(Excerpta ad usum Delphini): La promesa generacional particular –hecha a las que
fuimos niñas en los cincuenta, sesenta, setenta
y ochenta– nunca fue articulada como tal,
más bien fue dada como un conjunto de suposiciones
respecto a cómo sería nuestro mundo
adulto. En concreto, ¿dónde están los autos voladores?
¿Dónde están los campos de fuerza, los rayos
atractores, los podios de teletransportación,
los trineos antigravitacionales, "tricorders", las
drogas de la inmortalidad, las colonias en Marte
y todas las otras maravillas tecnológicas que
cualquier niña que haya crecido a partir de mediados
del siglo XX asumía que iban a existir para este momento?
Incluso aquellas invenciones que parecían listas para emerger
–como la clonación o la criogenia– terminaron traicionando
sus amplias promesas. ¿Qué fué lo que les pasó?

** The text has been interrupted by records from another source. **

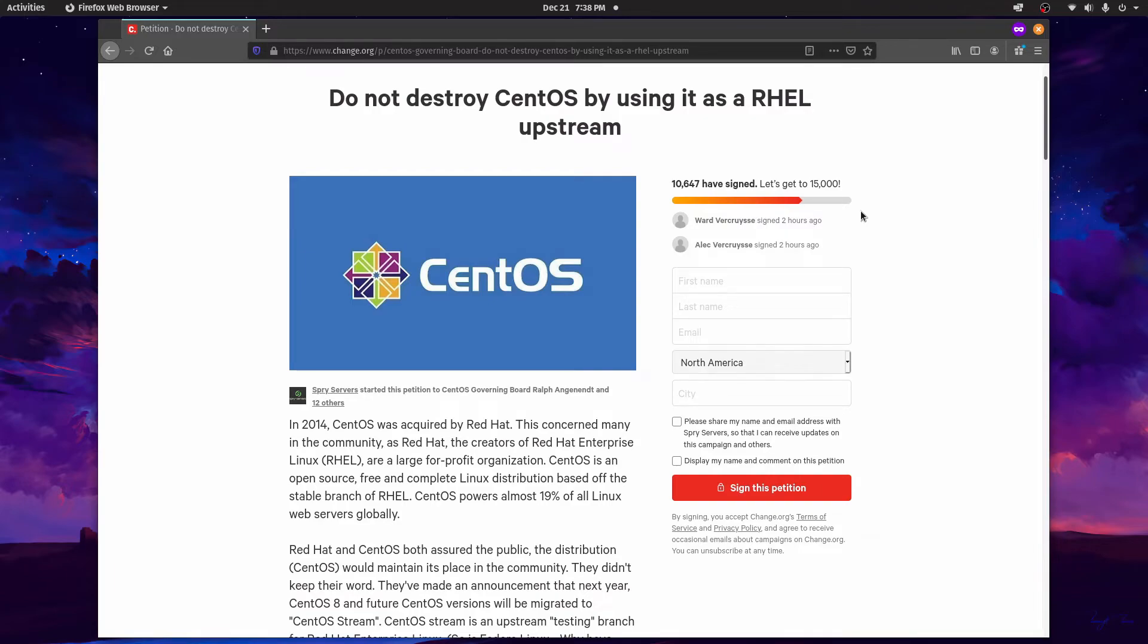Again, I'll put a link in the description below. And maybe, just maybe, if enough people sign it and show support for keeping the stable version of CentOS, the board might decide on something else.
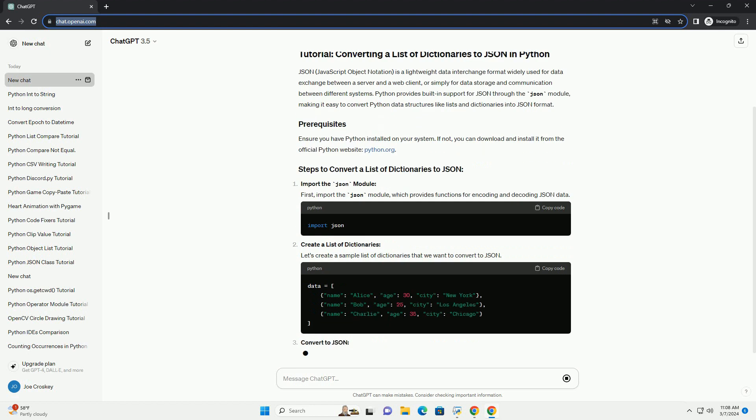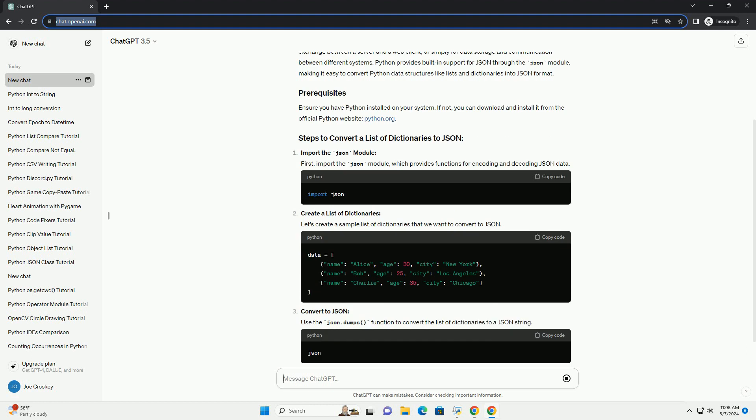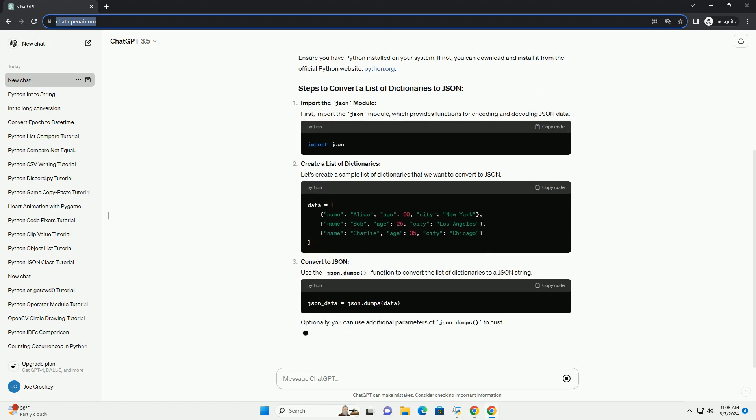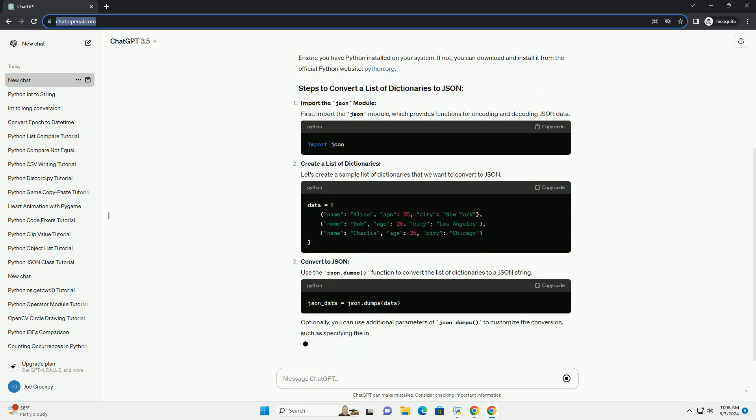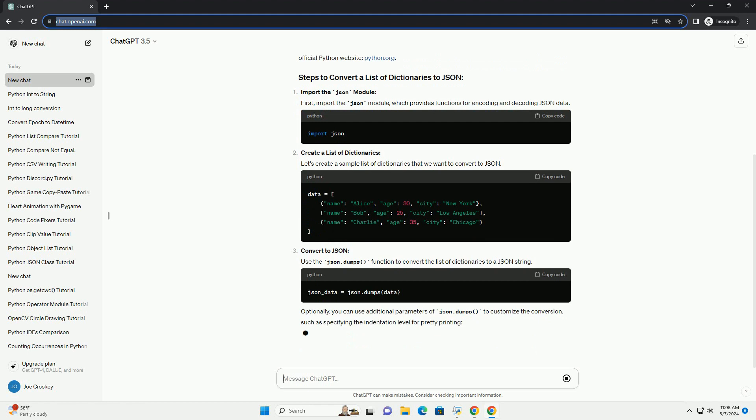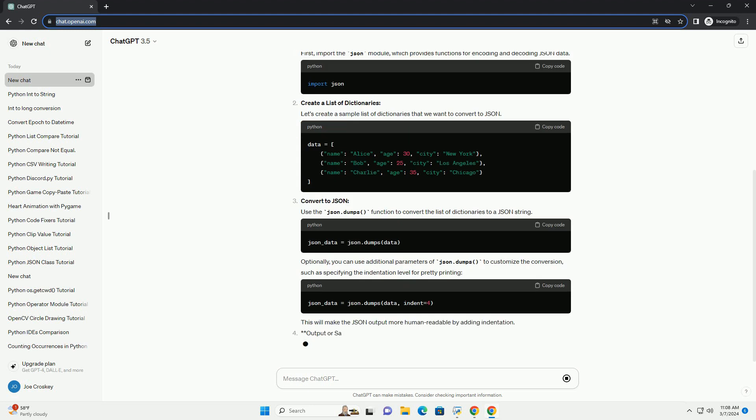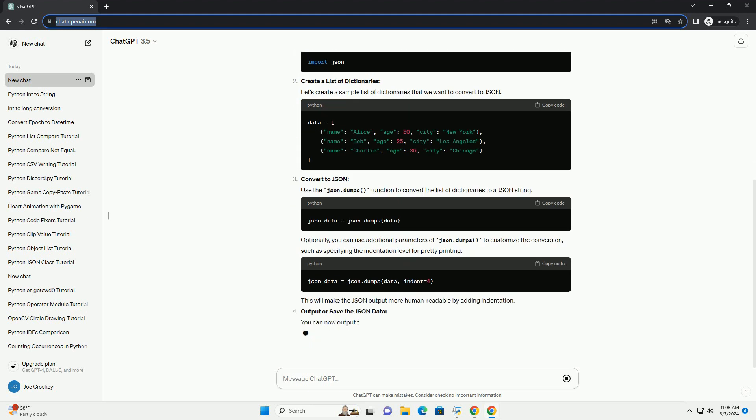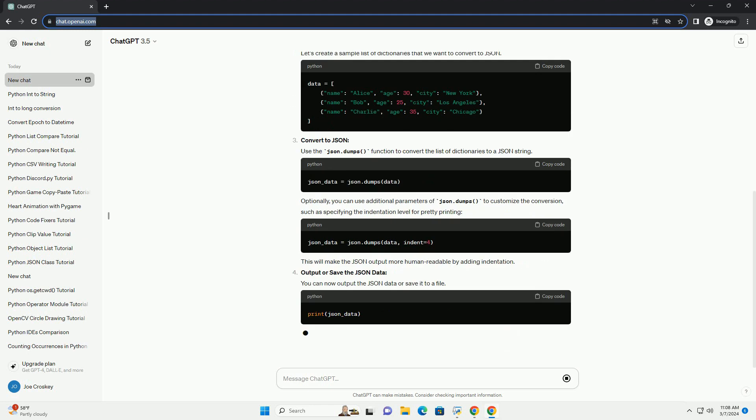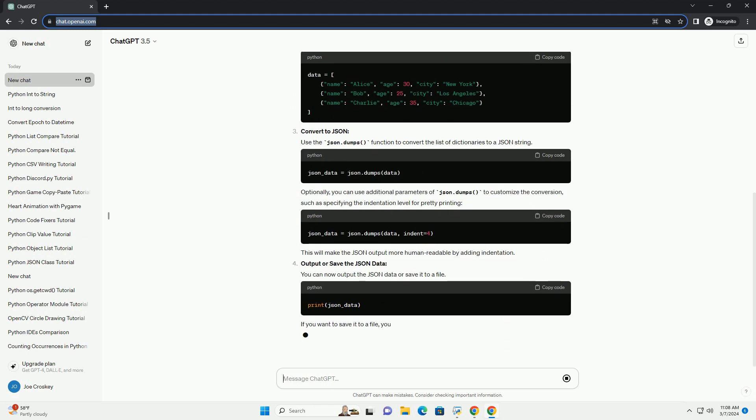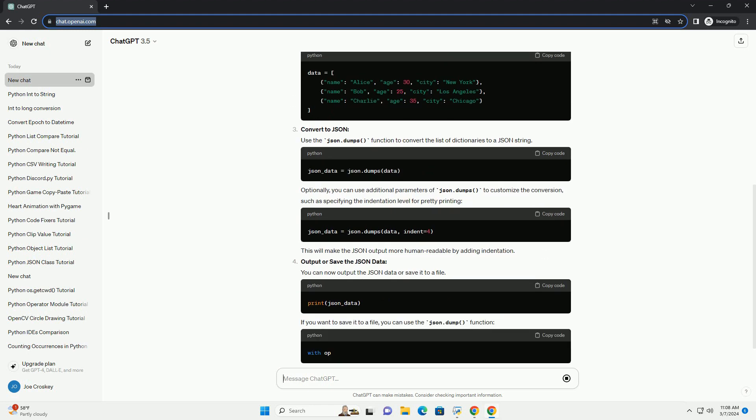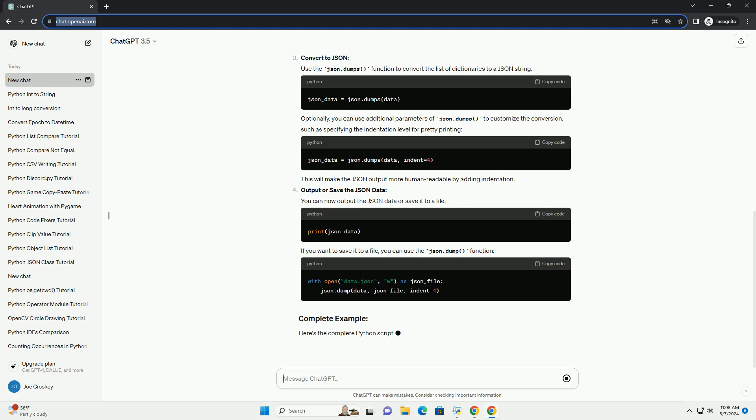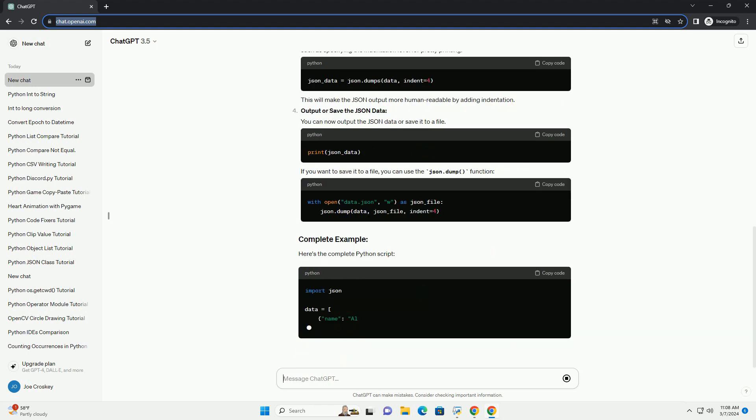Import the JSON module. First, import the JSON module, which provides functions for encoding and decoding JSON data. Create a list of dictionaries. Let's create a sample list of dictionaries that we want to convert to JSON.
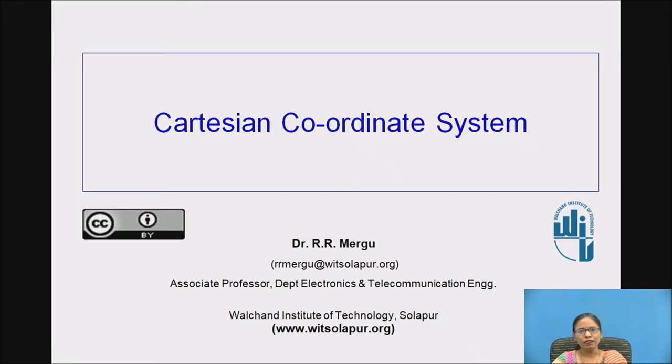Hello, Namaste to everyone. Myself Rohini Mergu, talking about the Cartesian coordinate system.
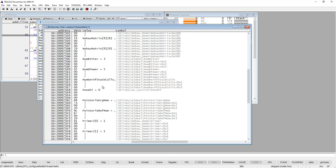So this was everything I wanted to show you when it comes to memory and registers. Thank you for watching.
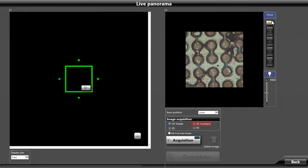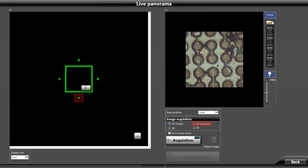2D Standard allows us to capture the single field of view, then click on the corresponding arrow or manually move the stage to the adjacent field of view to stitch. This allows for an overlap of the images for the software to perform pattern alignment improving the stitch quality.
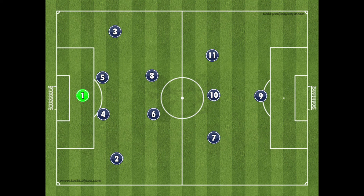The 4-2-3-1 formation is one of the most popular and widely used formations in world football today, with clubs and international teams regularly using it in their quest for glory. While it is seen less in youth sports, the 4-2-3-1 formation, when used correctly, can be an effective strategy for even the youngest of teams. In this guide we will explain what the 4-2-3-1 formation is, how it is set up, discuss the strengths and weaknesses of the formation, and highlight the best formation to counter it.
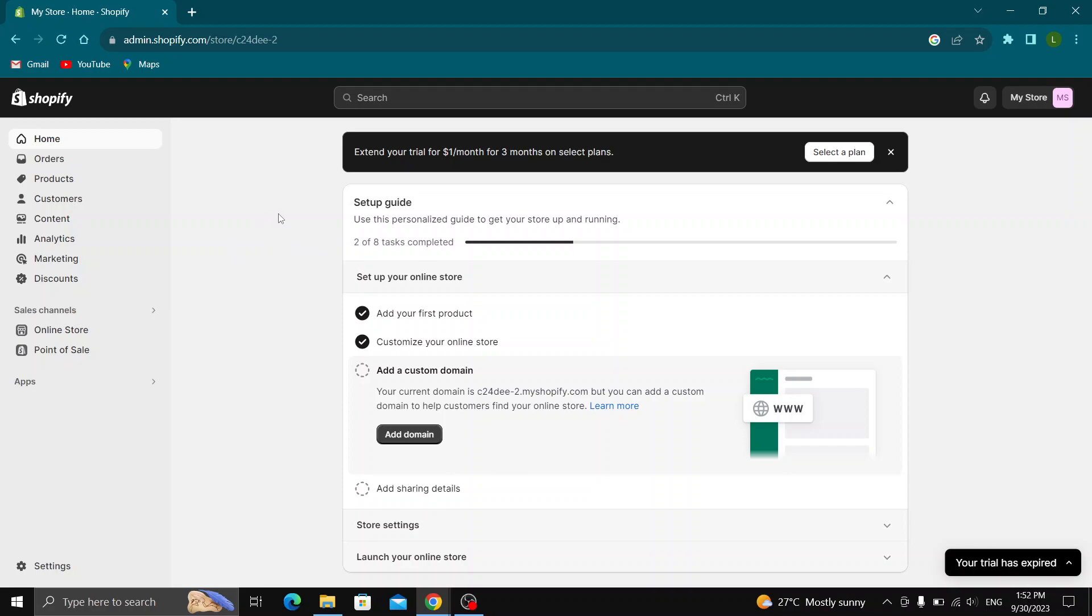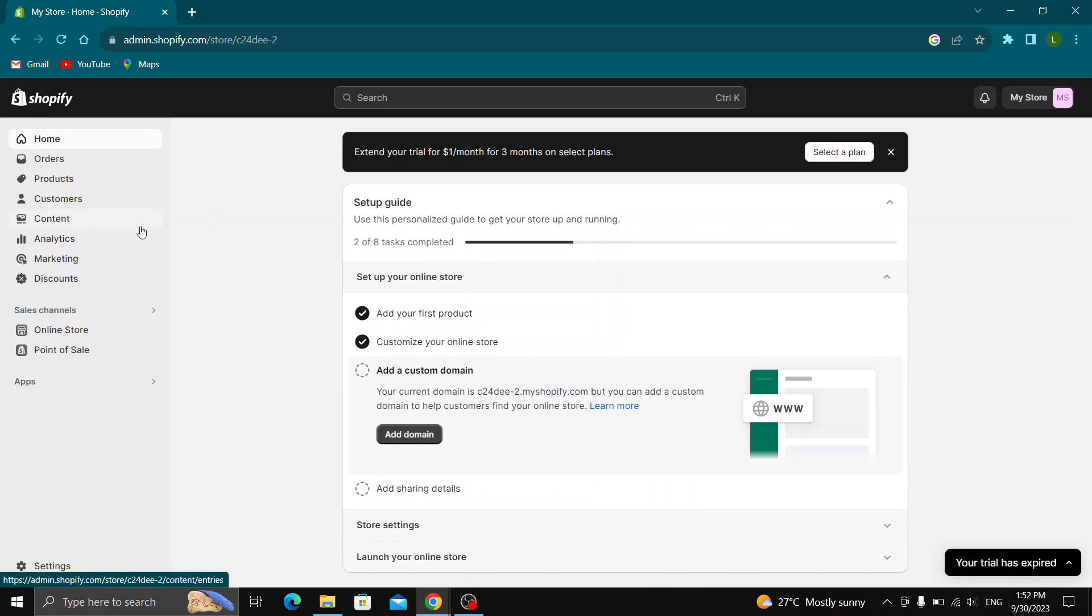The first thing you want to do is open up the official shopify.com website and log into your account. After logging in, you'll be greeted by this main page where you can see all the options for managing your Shopify store at the left side of the screen.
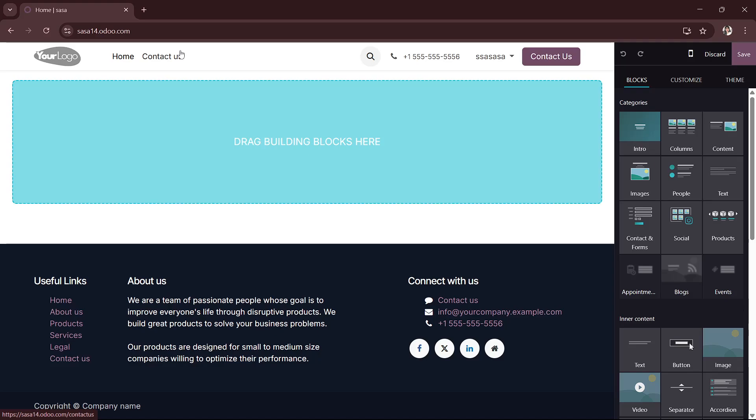You can save the changes, then your new logo will now appear on your website reinforcing your brand identity to visitors. And that's all, if this helped please like and subscribe.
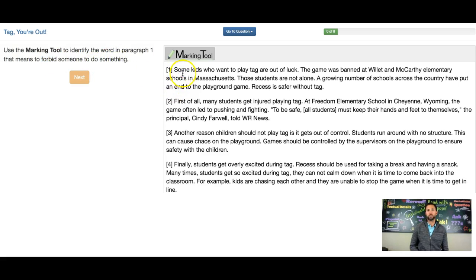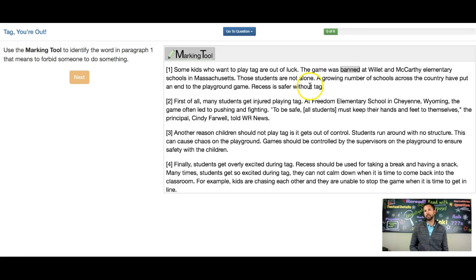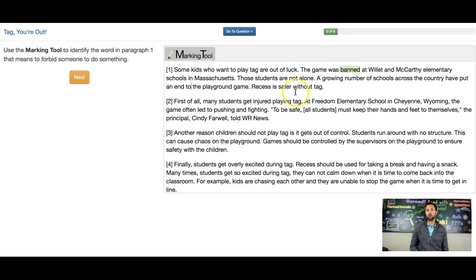So let's take a look. Some kids who want to play tag are out of luck. The game was banned at Willett and McCarthy elementary schools in Massachusetts. Do you see that word banned? Those students are not alone. A growing number of schools across the country have put an end to the playground game. So forbid or to ban — banned is the best or closest word that means forbid. That is going to be your answer. And remember, it's just the single word banned.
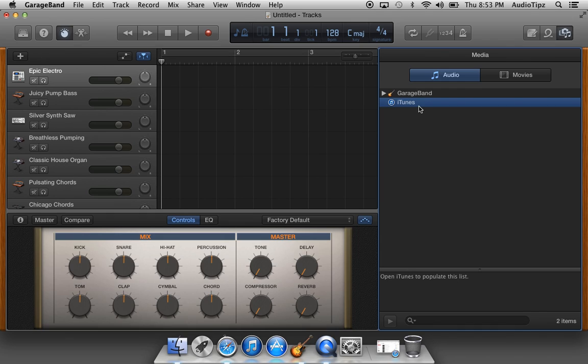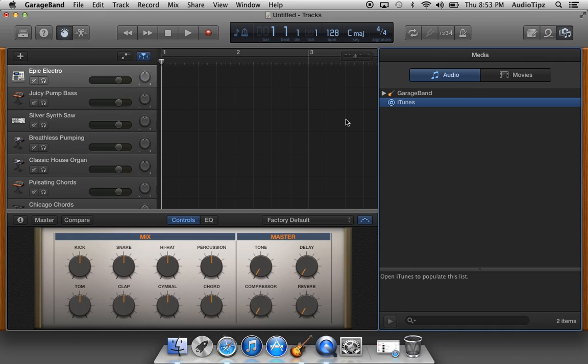Then what you're gonna do is click on it and drag it into your session. Make sure you create an audio file for it. Once you find it, drag it into your session and it'll ask you to import it. You click import and it'll be in your session.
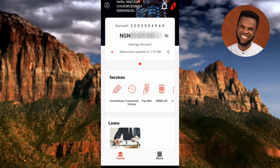You can see I'm now signed into the UBA mobile app — here's the home page. The next step to check your transaction history is to find it within the services area.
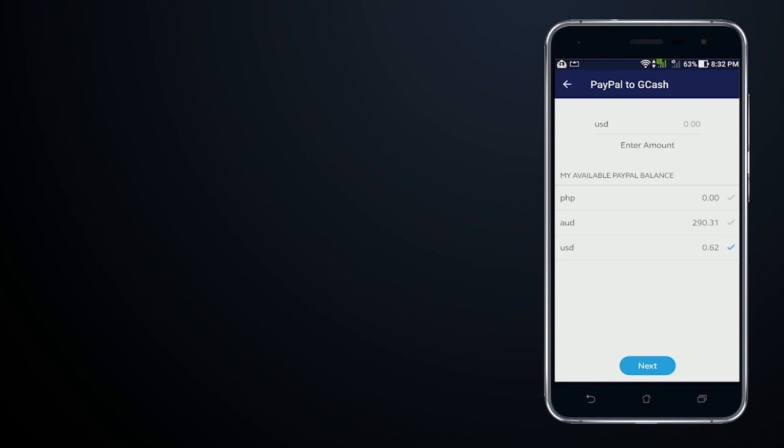Right now you can link one account at a time only. Unfortunately, you won't be able to link another account. You will have to replace the existing account if you have another one that you need to use.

¿Esperaba vivir en un mundo lleno de maravillas? Por supuesto.
Todas lo esperaban.
¿Me siento engañada ahora? Parecía improbable
que viviera para ver todas las cosas que leía
en la ciencia ficción, pero nunca se me hubiera
ocurrido que no llegaría a ver ninguna.
Al pasar de milenio esperaba un derrame de
reflexiones sobre por qué nos imaginamos el futuro
de la tecnología tan mal. En cambio, casi
todas las voces de autoridad –tanto de Izquierda
como de Derecha– hicieron sus reflexiones desde
la aceptación de que de cierto modo u otro, vivimos
en una nueva utopía tecnológica sin precedentes.
Las tecnologías que han avanzado desde los setenta,
han sido principalmente las tecnologías médicas
o tecnologías informáticas –ampliamente,
tecnologías de simulación. Son las tecnologías
que Jean Baudrillard y Umberto Eco llamaron
“hiperreales”, tienen la capacidad de realizar imitaciones
más realistas que sus originales. La sensibilidad
posmoderna, la sensación que de alguna
forma hemos irrumpido en un nuevo período
histórico sin precedentes en el que hemos comprendido
que no hay nada nuevo por descubrir;
que las grandes narrativas históricas de liberación
y progreso eran falsas; que ahora todo es simulación,
repetición, fragmentación y pastiche
–todo esto cobra sentido en un ambiente tecnológico
donde los únicos grandes progresos fueron
aquellos que hicieron más fácil la creación, transferencia
y reagrupación de proyecciones virtuales de cosas
que o ya existían o que descubrimos que nunca existirán.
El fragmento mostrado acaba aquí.